[Data extracted from a collection]
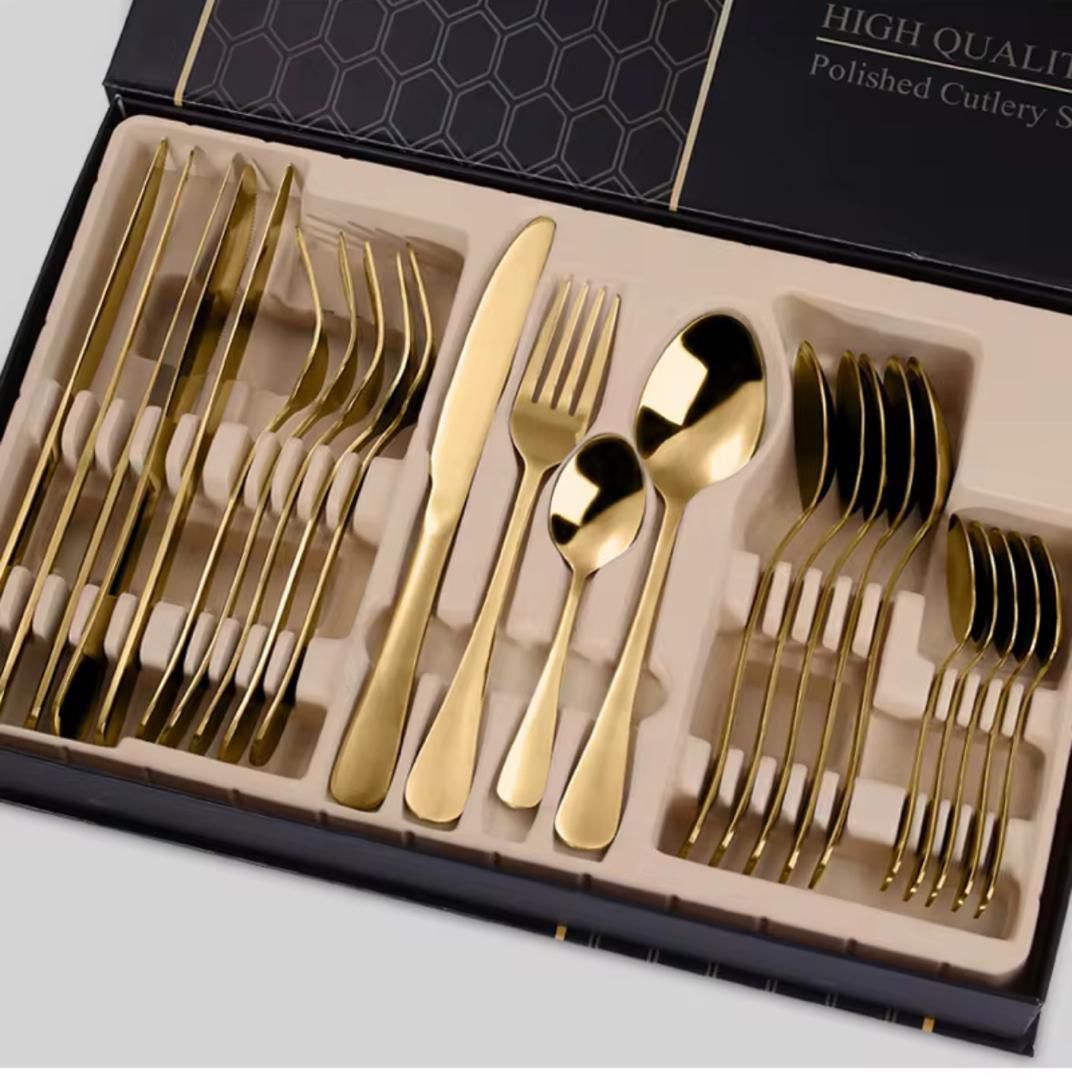 Coffret de Cuillère Inox 24 Pièces – Haute Qualité & Finition Polie
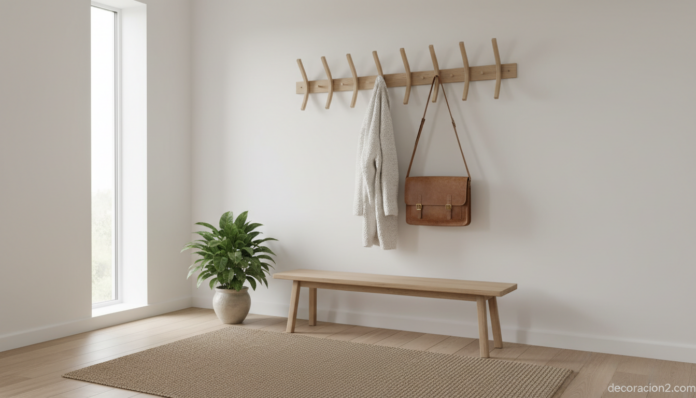Perchero de pared decorativo en recibidor escandinavo con abrigos colgados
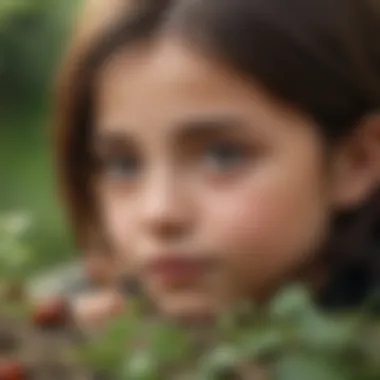 A child observing ladybugs in a garden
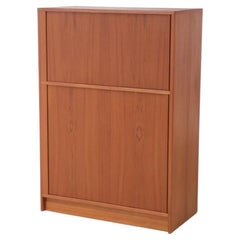 Vintage Danish Modern Teak Tambour-Door Clothes Press, 1970s
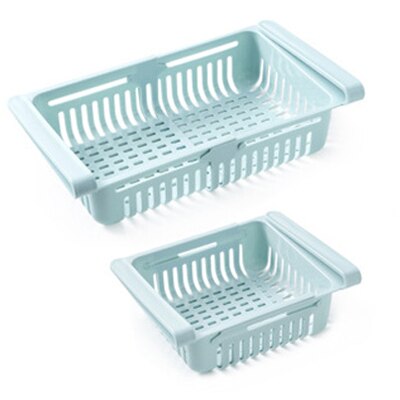 Køkkenorganiser justerbar køkken køleskab opbevaringsstativ køleskab fryser hyldeholder udtræksskuffe organiser pladsbesparende: Blå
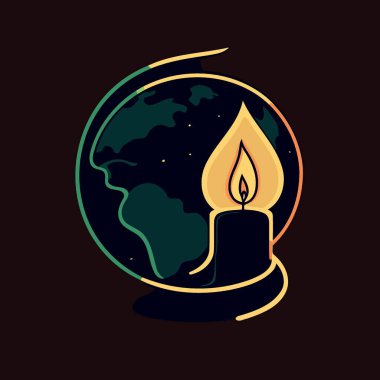 Conceptual illustration of a globe and a lit candle to represent the campaign against climate change called earth hour which asks the world to turn off the lights as a symbolic act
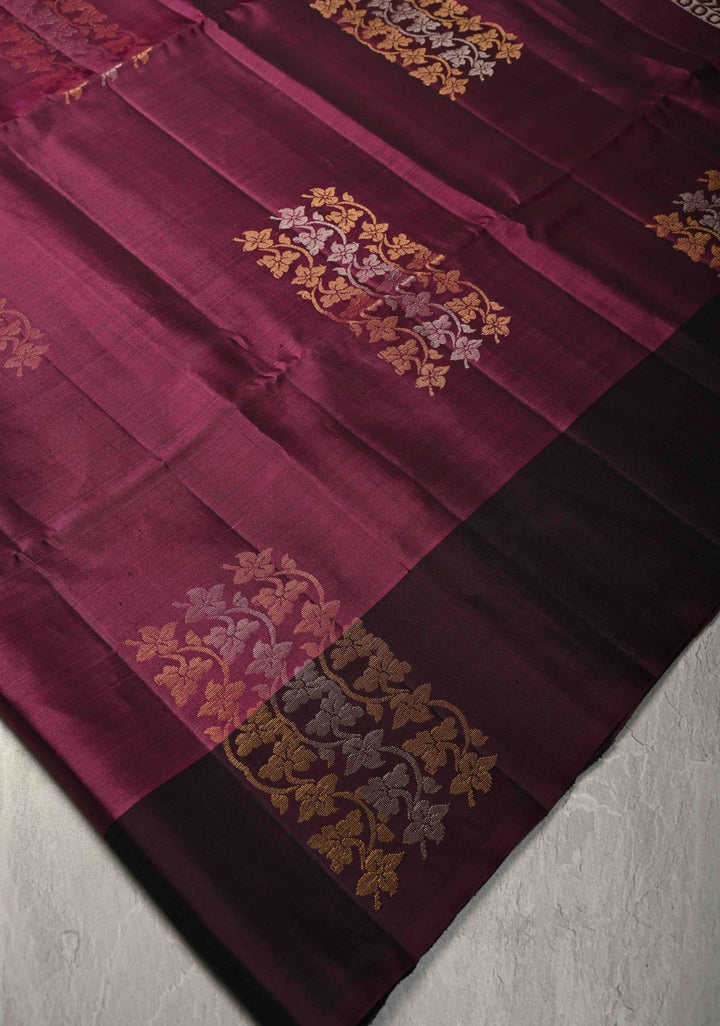 Dark Mauve Kanjivaram Soft Silk Saree with Gold-Silver Floral Buttas and Contrast Border | SILK MARK CERTIFIED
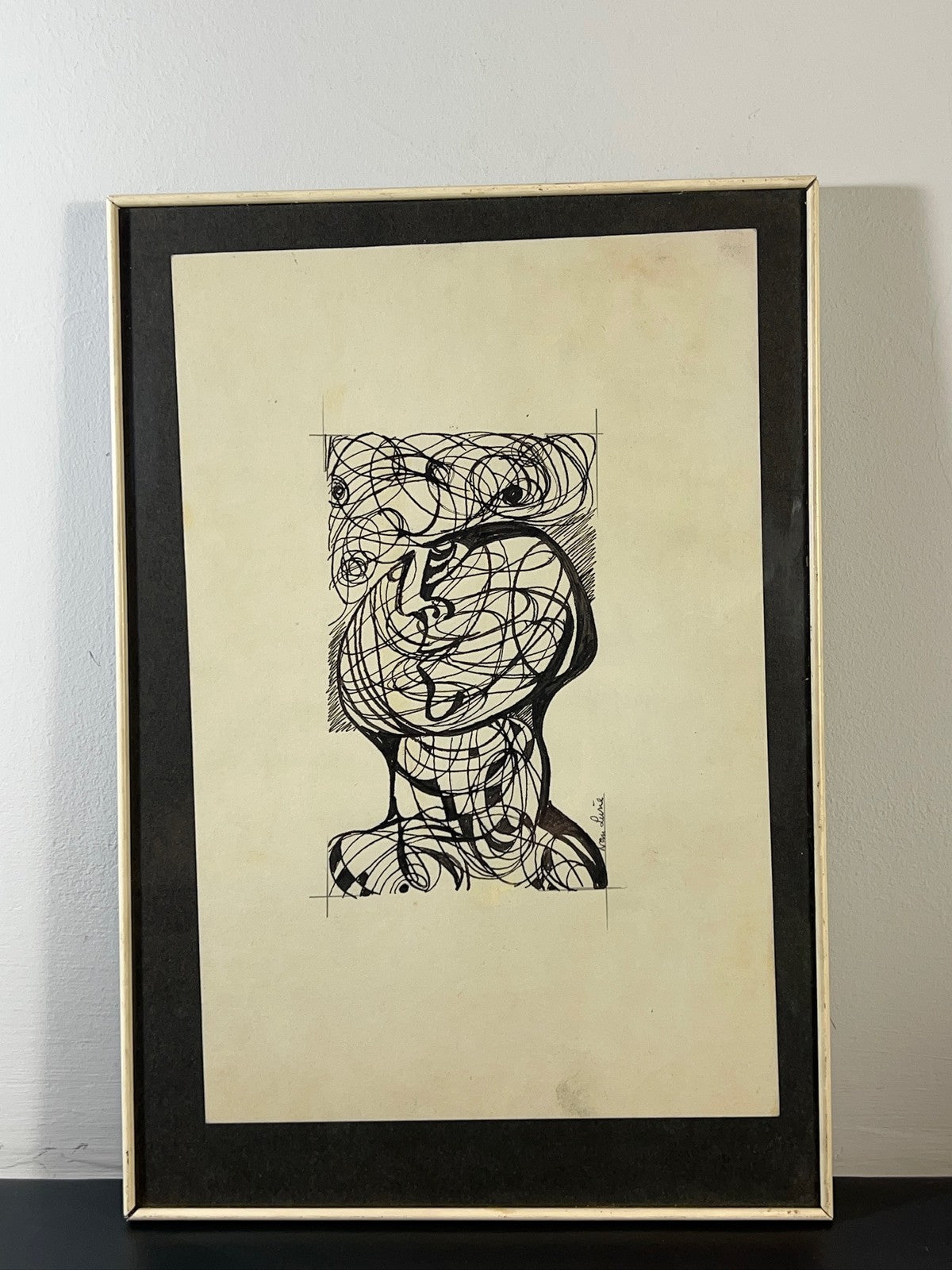 Nan Lurie Original Signed Pen & Ink Drawing Abstract Head Modernist WPA Artist0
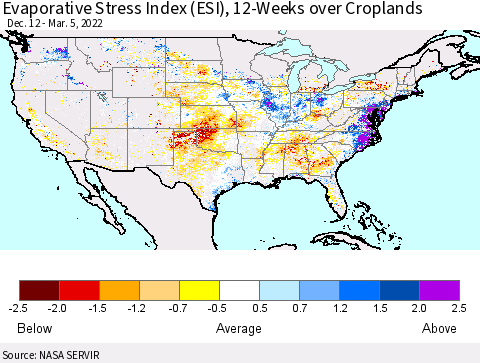 United States Evaporative Stress Index (ESI), 12-Weeks over Croplands Thematic Map For 2/28/2022 - 3/6/2022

What the task requires » Print exactly the lines from the first line of the records above through the line containing "Dark Mauve Kanjivaram", both included, and leave the pictures out.

Problem solution »
 Coffret de Cuillère Inox 24 Pièces – Haute Qualité & Finition Polie
Perchero de pared decorativo en recibidor escandinavo con abrigos colgados
 A child observing ladybugs in a garden
 Vintage Danish Modern Teak Tambour-Door Clothes Press, 1970s
 Køkkenorganiser justerbar køkken køleskab opbevaringsstativ køleskab fryser hyldeholder udtræksskuffe organiser pladsbesparende: Blå
 Conceptual illustration of a globe and a lit candle to represent the campaign against climate change called earth hour which asks the world to turn off the lights as a symbolic act
 Dark Mauve Kanjivaram Soft Silk Saree with Gold-Silver Floral Buttas and Contrast Border | SILK MARK CERTIFIED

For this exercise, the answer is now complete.